On the surface, the Open Compute Project — first announced by Facebook several months ago — is focused on sharing best practices and data center architecture approaches that can help data centers become more energy-efficient and “greener” overall.

But the theme of “open hardware” that dominated the latest summit held by the group in New York suggests that there is actually a much bigger movement afoot, one that I think could provide new momentum for system builders that integrate their own servers based on Intel technology.

Andy Bechtolsheim, chief development officer and chairman of Arista Networks (and, of course, one of the Sun Microsystems co-founders), said that information technology industry has a long history of standards development that has helped drive adoption and drive down costs. “What has been missing is a standard at the system level,” he told attendees of the second Open Compute Summit.

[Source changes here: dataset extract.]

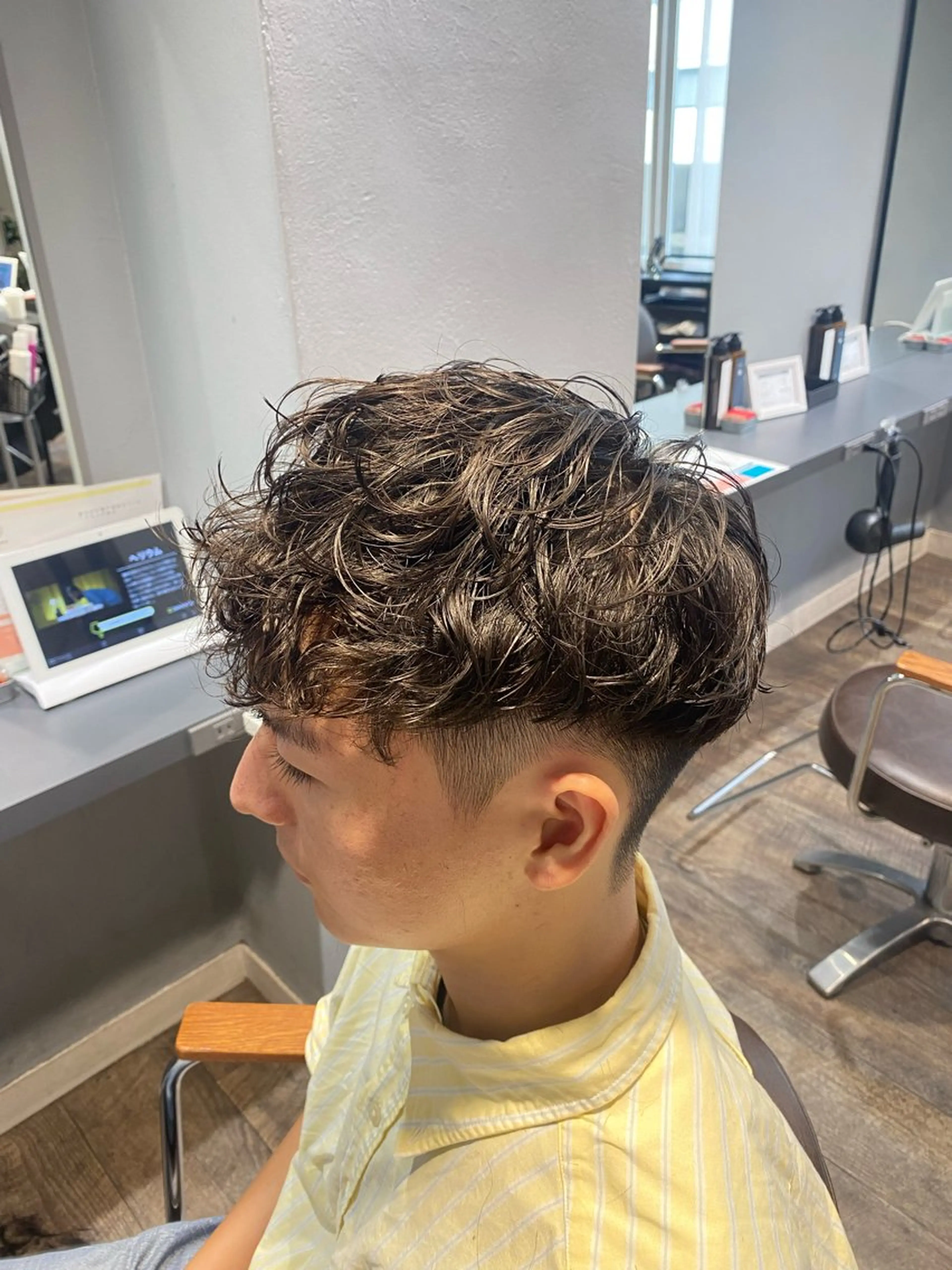 ショート パーマ メンズ カット パーマ 江﨑 翔のヘアスタイル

Bechtolsheim went on to criticize the “gratuitous differentiation” that distinguishes data center infrastructure technologies from each other and makes it tough for VARs and systems integrators — and businesses for that matter — to ensure interoperability. “This benefits the vendor more than the customer,” he said.

It is also a big reason that Facebook choose to build its own servers when constructing its data centers, said Frank Frankovsky, director of technical operations for Facebook executive, who founded the Open Compute Project and now sits on its board. Frankovsky’s fellow directors are Bechtolsheim; Don Duet, managing director with Goldman-Sachs; Mark Roenigk, chief operating officer of Rackspace Hosting; and Jason Waxman, general manager of high-density computing for the Intel data center group.

By thinking about the rack holistically (in effect, the rack is the new chassis), Frankovsky said Facebook was able to reduce the energy consumption of Facebook’s Prineville, Oregon, data center by 38 percent compared with existing data centers tasked with doing the same amount of work. The cost to build out that facility was 24 percent less, because Facebook exercised total control. Among other things, it opted for a 480-volt power distribution system to help reduce power losses during the conversion process and it reuses the hot aisle air to heat offices in the winter time.

Here’s the interesting part. As part of the Open Compute Project, Facebook plans to make its approaches available to the Open Compute Project community. This community will operate according to the model embraced by the Apache Software Foundation, adopting the contributions it deems appropriate. One of the early contributions are motherboards from ASUS. In addition, Red Hat has said it will ensure that it will support Red Hat Enterprise Linux on certified systems.

How far will the Open Compute Project reach? Frankovsky said that in order for “scale computing” — the infrastructure necessary to support the cloud computing movement — to succeed, the pace of hardware innovation needs to increase.

Open Compute encourages the best brains in the community share their ideas, including the best members of the white-box server channel. Other technology companies that have jumped on the bandwagon include Baidu, Cloudera, Dell, DRT, Future Facilities, Huawei, Hyve (Synnex), Mellanox, Nebula and Silicon Mechanics. Netflix, another company that relies on massive data centers, has also joined the community.